Classically trained cellist April Faith-Slaker is a composer and multi-instrumentalist. In fact, one could simply call her multi. She has played locally and internationally with various orchestras, performance groups, and rock bands. Andy Miles of Chicago music and art shop Transistor recently asked her to contribute a composition to their webcast. She’s worked with Omaha’s contemporary performance group Aetherplough since 2010, and by day, she is a lawyer and a data scientist who analyzes research to inform social policy in the legal world.
Rather than compartmentalize these seemingly disparate aspects of her personality, Faith-Slaker found a way to bring all of herself to bear on a challenging project: translating social data into music.

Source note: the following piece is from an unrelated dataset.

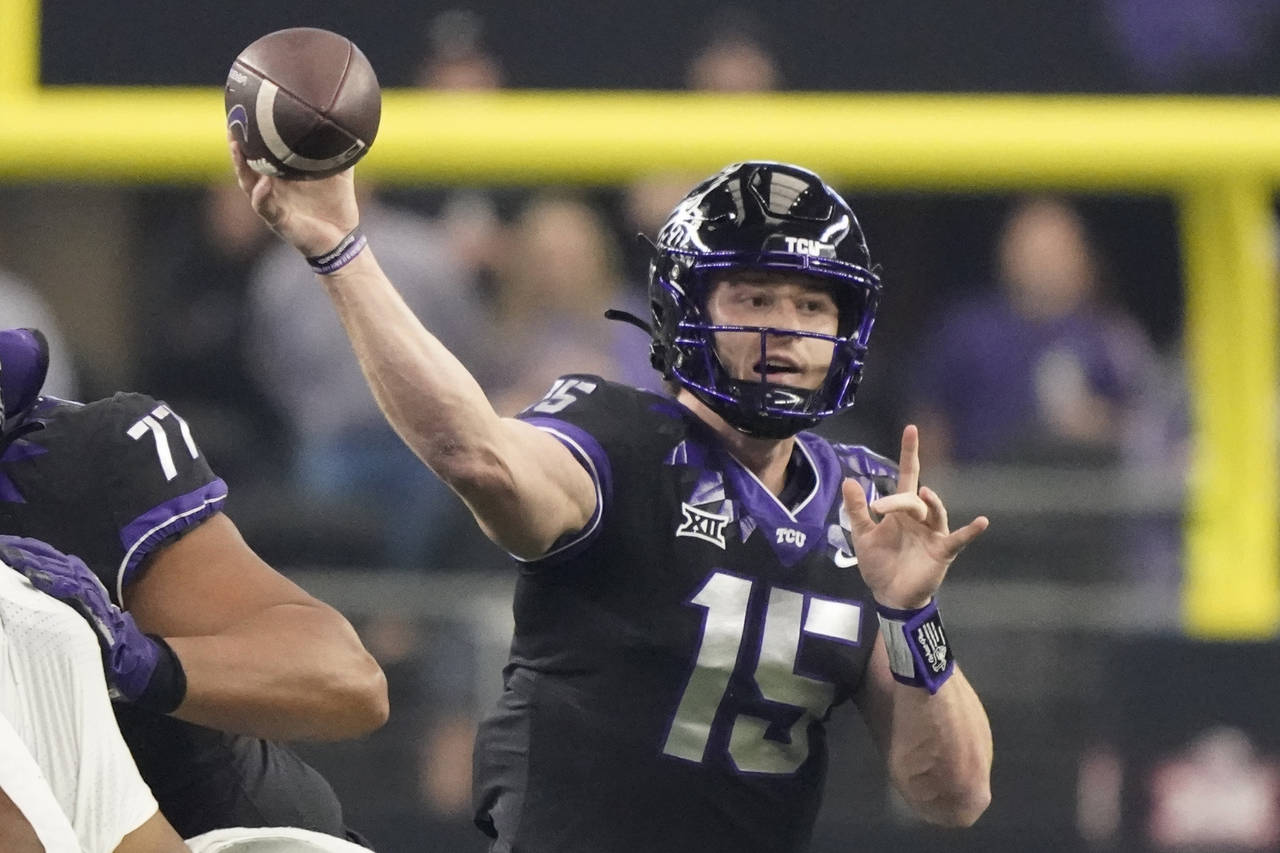 TCU quarterback Max Duggan (15) throws in the first half of the Big 12 Conference championship NCAA...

“I’d seen someone doing it with weather data,” Faith-Slaker says. “That planted the seed.”
The concept of making music from data is not new. Former LCD Soundsystem frontman James Murphy once worked with IBM to translate tennis data into music. But that was tennis.
With her demonstrable passion for the human side of data—she has advanced degrees in law, research methods, and social policy—Faith-Slaker set her sights higher than racquet sports.

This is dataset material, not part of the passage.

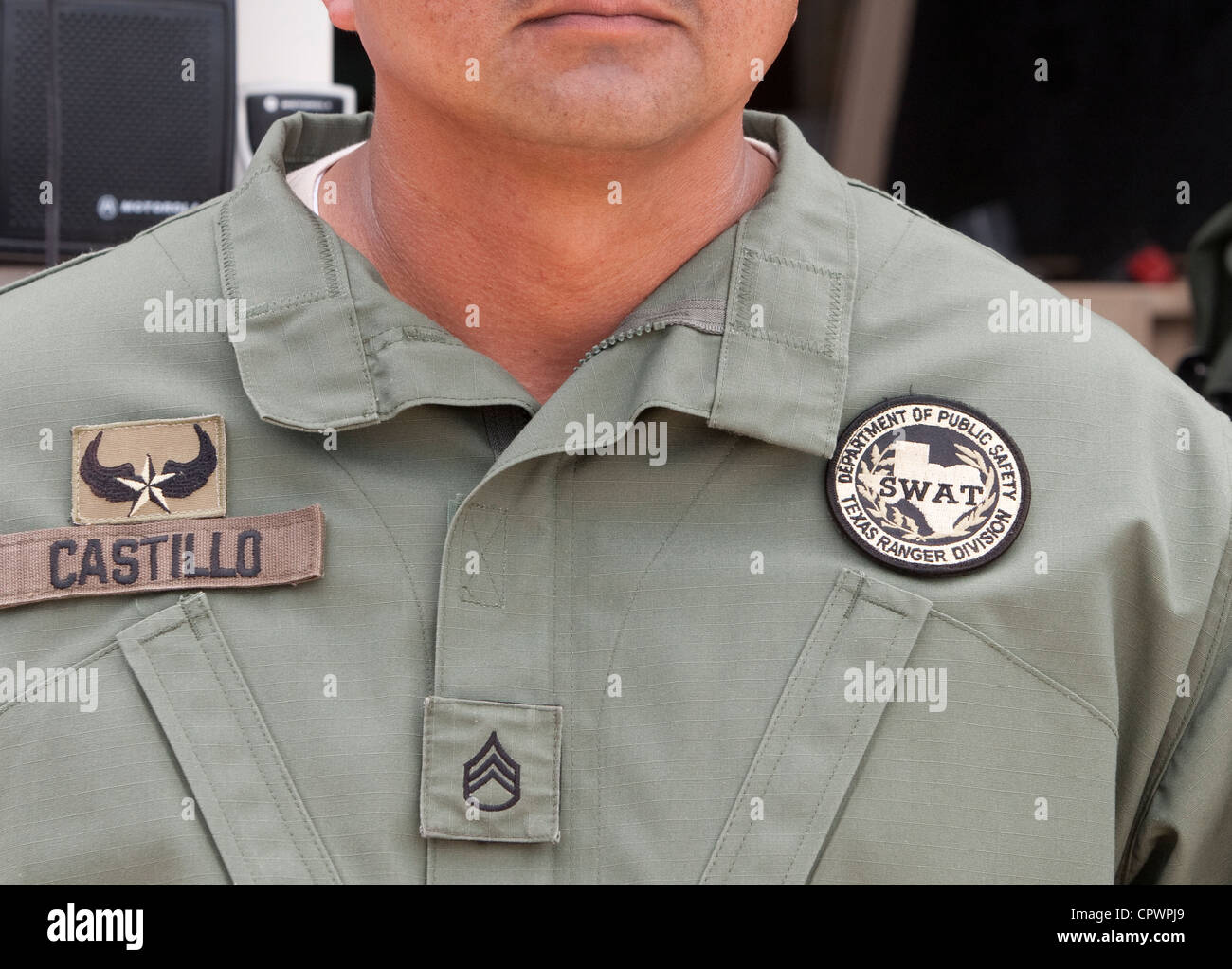 Close-up of uniform of member of Texas SWAT team. Texas department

“I started poking around the Internet and couldn’t find anyone that had done it with social data, specifically,” she says. “I was curious about what that process would look like.”
The result of her data music composition is by turns ominous and dissonant, lyrical and shimmering—giving aesthetic weight to statistical trends in child immigration, gun violence in Nebraska, access to justice, gender inequality, and housing segregation.

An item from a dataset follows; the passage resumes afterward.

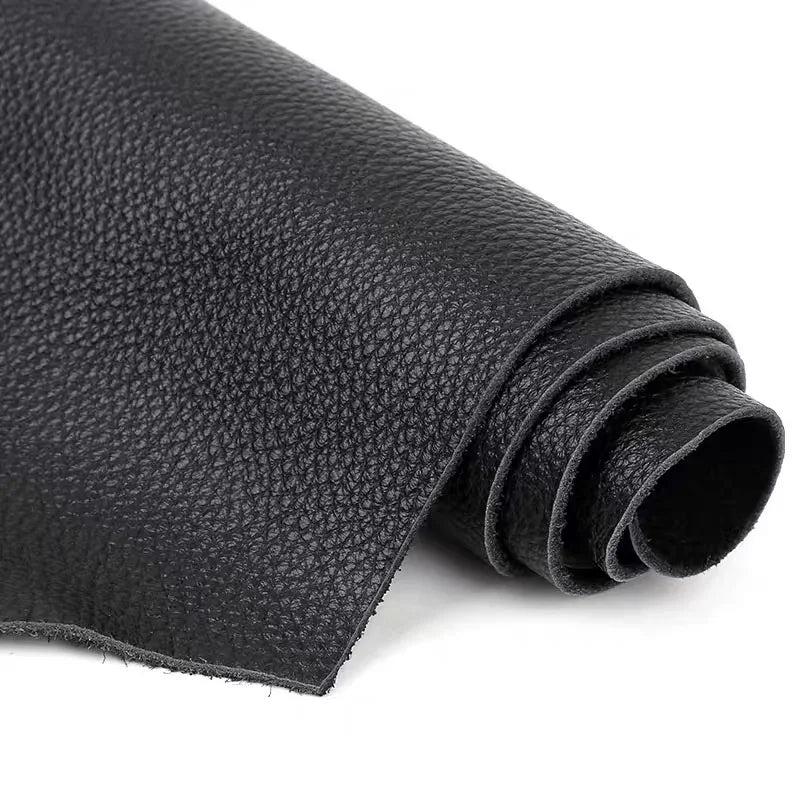 Roll of premium black cowhide leather with a lychee texture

She didn’t need help from IBM either. She calculated the shape of the music based on her own insights. For instance, according to slides from a presentation she gave at the annual experimental performance festival Omaha Under the Radar, Faith-Slaker calculated pitch and rhythm using 2013-2014 Nebraska gun violence victims’ life expectancies, ages, genders, and date of death. It was a haunting way to visualize a horrific issue.
“Right now I’m looking for the next step with the data music project,” Faith-Slaker says. “Some people feel I should present this information back to either the community I got the data from, or to people who can actually do something with it in terms of policy. I’m seeing if there’s any way to push it out in a more meaningful way.”
The music and presentation slides from the data music project can be experienced at vimeo.com/ datacompositions.
Faith-Slaker’s “non-data” solo music is more rhythmic than algorithmic. For these compositions, she involves an electric cello and a looper pedal, a type of electronic effects box that lets her build a polyphonic composition from a single instrument. She records a snippet of music, loops it in the background, and layers more sounds and passages or subtracts them, all while accompanying herself in real time like someone unbound by the laws of the universe.
The resulting compositions are stunning, exuberant, lyrical, and hypnotically recursive.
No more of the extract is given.